Voici l’exercice que j’ai traité aujourd’hui pour préparer une élève turque à son examen :

En voici l’idée en français : Ali ne se rend dans son jardin que le dimanche de chaque semaine. Après quelques semaines, Ali a taillé un arbre de 40 cm qu’il a planté dans son jardin et a raccourci sa hauteur de 25 cm. L’arbre, qui avait grandi de 2 cm chaque semaine avant d’être taillé, a commencé à grandir de 3 cm chaque semaine après avoir été taillé. Ali a constaté que la hauteur de cet arbre était de 40 cm 11 semaines après qu’il l’ait planté. D’après cela, combien de cm mesure la hauteur de l’arbre immédiatement après la taille ?

Encore un exercice qui exige une capacité de lecture et d’interprétation importante. En France, rien que le nombre de mots, les concepts de grandir, raccourcir, avant et après, poseraient problème à nombre d’élèves.

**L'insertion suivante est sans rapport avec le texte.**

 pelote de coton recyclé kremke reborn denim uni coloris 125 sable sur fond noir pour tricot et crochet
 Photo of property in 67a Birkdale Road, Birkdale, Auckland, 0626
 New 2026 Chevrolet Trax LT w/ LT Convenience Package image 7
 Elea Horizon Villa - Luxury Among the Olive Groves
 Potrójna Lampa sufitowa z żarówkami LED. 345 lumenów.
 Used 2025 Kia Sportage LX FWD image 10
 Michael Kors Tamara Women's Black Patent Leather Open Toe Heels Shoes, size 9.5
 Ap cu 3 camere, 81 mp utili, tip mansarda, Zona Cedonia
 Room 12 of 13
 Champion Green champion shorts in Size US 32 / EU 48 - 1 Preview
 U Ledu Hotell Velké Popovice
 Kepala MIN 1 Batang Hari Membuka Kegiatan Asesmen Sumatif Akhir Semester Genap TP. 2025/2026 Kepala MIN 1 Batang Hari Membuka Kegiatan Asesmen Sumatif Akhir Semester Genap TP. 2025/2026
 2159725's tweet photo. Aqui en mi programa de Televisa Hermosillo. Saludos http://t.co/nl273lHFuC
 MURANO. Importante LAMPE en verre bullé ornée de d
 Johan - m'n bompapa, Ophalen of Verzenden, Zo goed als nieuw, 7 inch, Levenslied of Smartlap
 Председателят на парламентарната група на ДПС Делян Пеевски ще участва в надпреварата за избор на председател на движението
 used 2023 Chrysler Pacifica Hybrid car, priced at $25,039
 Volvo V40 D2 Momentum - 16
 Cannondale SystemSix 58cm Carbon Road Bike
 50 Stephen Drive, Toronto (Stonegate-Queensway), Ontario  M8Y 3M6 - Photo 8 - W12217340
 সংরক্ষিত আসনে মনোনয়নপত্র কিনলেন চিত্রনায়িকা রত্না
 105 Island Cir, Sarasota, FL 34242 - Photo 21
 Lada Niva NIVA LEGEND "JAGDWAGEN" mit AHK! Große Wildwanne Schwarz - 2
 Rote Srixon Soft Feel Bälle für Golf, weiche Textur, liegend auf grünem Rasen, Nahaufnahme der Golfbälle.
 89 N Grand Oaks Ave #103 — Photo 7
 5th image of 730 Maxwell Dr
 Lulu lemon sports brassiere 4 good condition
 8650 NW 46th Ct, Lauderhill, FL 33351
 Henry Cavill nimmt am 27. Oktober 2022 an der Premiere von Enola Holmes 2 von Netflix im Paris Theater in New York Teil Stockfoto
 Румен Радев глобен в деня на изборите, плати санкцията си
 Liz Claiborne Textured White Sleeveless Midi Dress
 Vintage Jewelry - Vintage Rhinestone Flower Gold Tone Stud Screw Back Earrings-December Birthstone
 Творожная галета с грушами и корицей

Ce qui est sympa dans cet exercice, c’est que l’algèbre permet de simplifier grandement l’image mentale. Une difficulté réside manifestement dans le fait de poser 11-n semaines après la taille, si Ali a attendu n semaine avant de tailler cette plante. Ce point a résisté à mon élève, et là, ce qui m’a bien servie, c’est le schéma en barres… Moi qui suis assez agacée par son recours systématique, ici il m’a vraiment été utile. Deux autres difficultés ont été la gestion de 3x(11-n) et le fait que n=1n. Des difficultés tout à fait signifiantes, robustes et intéressantes à lever.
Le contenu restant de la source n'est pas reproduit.